A 0.160 kg ball attached to a light cord is swung in a vertical circle of radius 70.0 cm. At the top of the swing, the speed of the ball is 3.26 m/s. The centre of the circle is 1.50 m above the floor. What is the velocity if the ball is 30 degrees below the horizontal

Homework Equations

The Attempt at a Solution

Was going to use this equation,T=mv^2/r - mg Sin() but I don't have the tension, and I don't know how to find it at and angle. So there must be another way that I am not thinking of.

 

[cepheid]

How about conservation of energy?

 

[Adam17]

So find the Potential Energy by mghcos(theta) and the Kinetic energy will be equal and opposite to it? Then derive the Kenetic energy equation to find velocity?

 

[cepheid]

So find the Potential Energy by mghcos(theta) and the Kinetic energy will be equal and opposite to it? Then derive the Kenetic energy equation to find velocity?

NO. They will not be equal and opposite. It's just that total energy is conserved, so their sum will remain constant. You know what both the kinetic energy and the potential energy are at the top of the swing. Therefore you know the total energy. You also know what the potential energy is at any point on the circle. So you should be able to find the kinetic energy at any point, since their sum remains constant.

 

[Adam17]

Ohhh ok, thanks for the clarification on the conservation, though the title is pretty self explanatory lol . I was interpreting Ep=-Ek in the wrong sense. So, I can find the ep at any point in the circle by mg(hcos theta), find the Ek by subtracting Ep from Me and then Solve for Velocity sqrt(2Ek/m), right?

 

[cepheid]

Ohhh ok, thanks for the clarification on the conservation, though the title is pretty self explanatory lol . I was interpreting Ep=-Ek in the wrong sense. So, I can find the ep at any point in the circle by mg(hcos theta), find the Ek by subtracting Ep from Me and then Solve for Velocity sqrt(2Ek/m), right?
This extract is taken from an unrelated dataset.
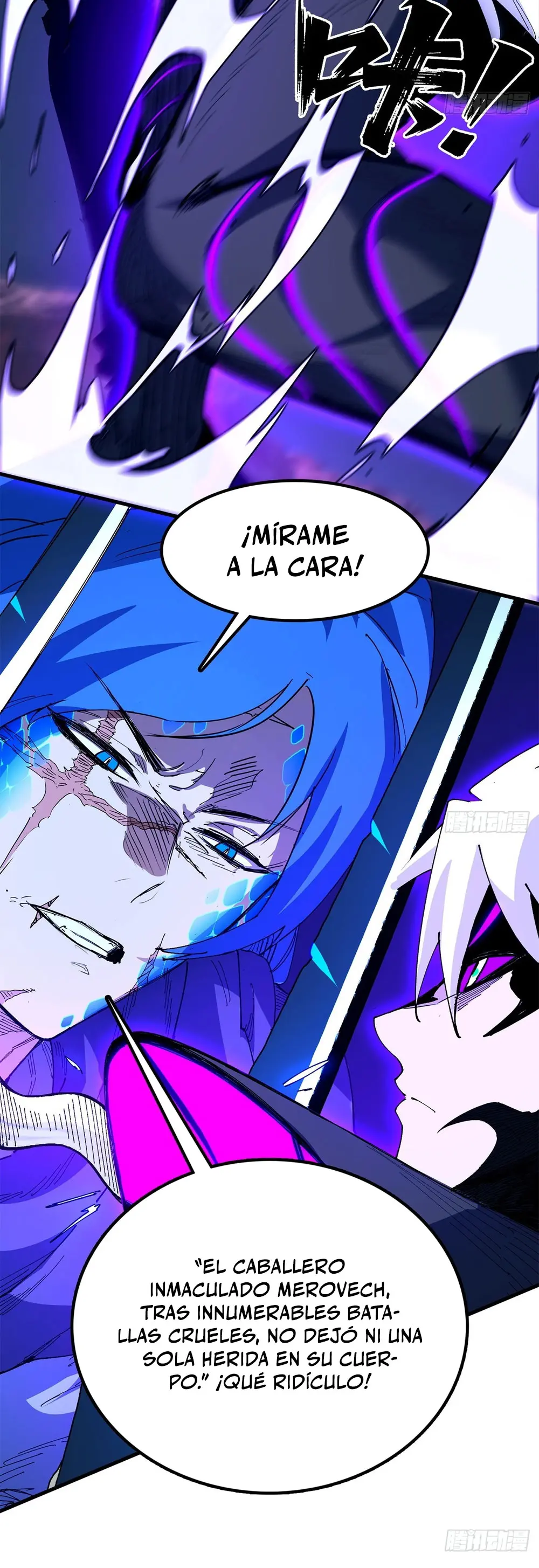 Montañas de cadáveres y mar de sangre > Capitulo 23 > Page 31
It sounds about right, assuming that what you call Me is the mechanical energy of the system (the same as the total energy, in this case): the sum of the kinetic and the potential energies.

As for the equation you mentioned, you were probably thinking of the equation:

ΔEp = -ΔEk

The deltas are important. The change in potential energy is equal to the negative of the change in kinetic energy. (So that the net change in energy is zero -- energy conservation). This is true in the case where gravity is the only force that does work. So what it's saying is that if you find the change in potential energy between any two points on the circle, it will be equal to the negative of the change in kinetic energy between those two points. This is equivalent to what I told you. To see this, say we evaluate the energy of the system at two points: point 1 and point 2. The equation above says that:

Ep2 - Ep1 = -(Ek2 - Ek1) = Ek1 - Ek2

Rearranging this, we get:

Ep2 + Ek2 = Ep1 + Ek1

Which is what I told you in my previous post. The sum remains the same at any point in the circle, which is an equivalent statement to the statement that the net change in energy is zero, since an change in kinetic energy is canceled out by a change in potential energy of opposite sign.

 

[Adam17]

Thanks for your help Cepheid, I am taking physics through correspondance and It becomes very painful when I miss something from the content and you have eased the pain!